06 March 2009

Rooster Posse

Spring weather finally arrived at the farm today. The thermometer reads 64F at the moment, and the sun is shining brightly. Later this afternoon, the two boys and I are planning to take our triplet tandem out for the first ride of the year.

In the meantime, the chickens are loving the opportunity to get out of the barn and scratch up what they can. Before we moved to a farm, we wondered what the point was of having roosters; apart from fertilizing chicken eggs, and waking everybody up at the crack of dawn with their crowing, roosters didn't seem to have much practical purpose.

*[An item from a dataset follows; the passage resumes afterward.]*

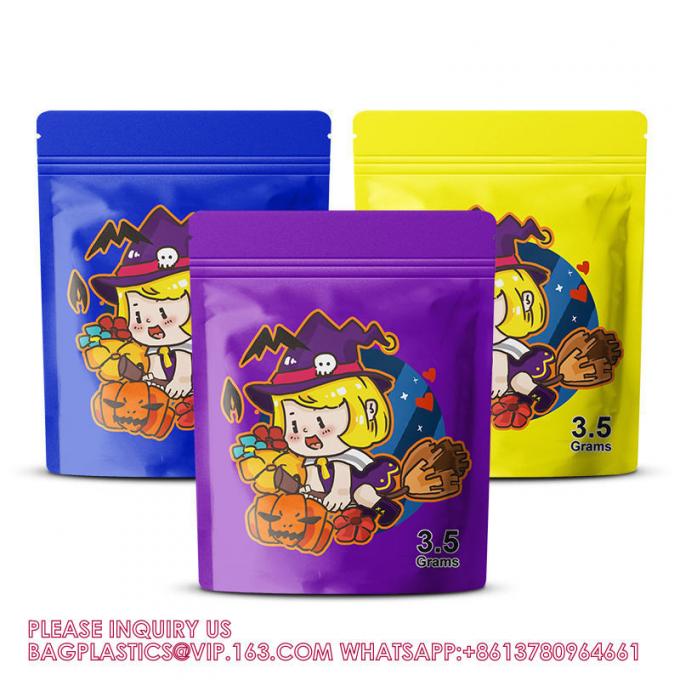 カスタムプリント 3.5g マットキャンディバッグ ポータブルラミネート Ziplock プラスチック マイラーバッグ アルミホイル 0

How wrong we were! For starters, roosters provide order to the flock. When out foraging on the property in groups, it's usually the rooster who is most on the lookout and giving leadership to the hens accompanying him. When he uncovers a particularly prime piece of forage material, he doesn't gobble it all up. Rather, he bobs his head up and down, pointing at it, making a particular kind of deep-throated clucking noise. The hens pick up on this signal, and come running to devour whatever he's found. We've also watched roosters round up groups of hens and drive them into shelter when a fast-moving afternoon thundershower has approached.

Roosters also provide all kinds of entertainment --- especially when you have more than one. Ever wonder where the term, "Pecking Order," comes from? Just spend a day or two watching the chickens interact. There's a definite hierarchy in the chicken house, and it's loads of fun to watch. Our current Alpha Rooster is a big Rhode Island Red; he's easily the largest of the flock, and he carries himself in a way that flaunts that size. The other roosters tread lightly around him, and give him a wide berth, especially near the feeders.

But just because a particular rooster is lower on the totem pole doesn't mean he's out of luck. He just gets a smaller posse (or harem) of hens! It's the whole "posse" thing that I've found most amusing about roosters. A lower-ranking rooster will often take a small group of hens and move to either a different outbuilding or a remote corner of the chicken house. That unit will stick together, particularly when they roost at night. (Yes, the chickens really do come home to roost. Nightly.) There is one group, in particular, that Mrs Yeoman Farmer would like me to move from a corner of the barn to the main chicken area --- but every time I try to transplant them, they're back in their corner the next day.

Anyhow, these "posses" also tend to stick together when they go out to forage in the daytime. The way they carry themselves, and cluck, and signal to each other is fascinating. When we humans come too close, the rooster tends to pull himself into a "high alert" stance, and interpose himself between us and his hens. He'll then begin a more urgent clucking, which sends the hens scurrying to a new place. Once they've gone, he will then follow.

This Barred Rock rooster may rank low in the pecking order, but that's not stopping him from being a leader to the group he is in charge of:
And maybe that can be an inspiration to us all.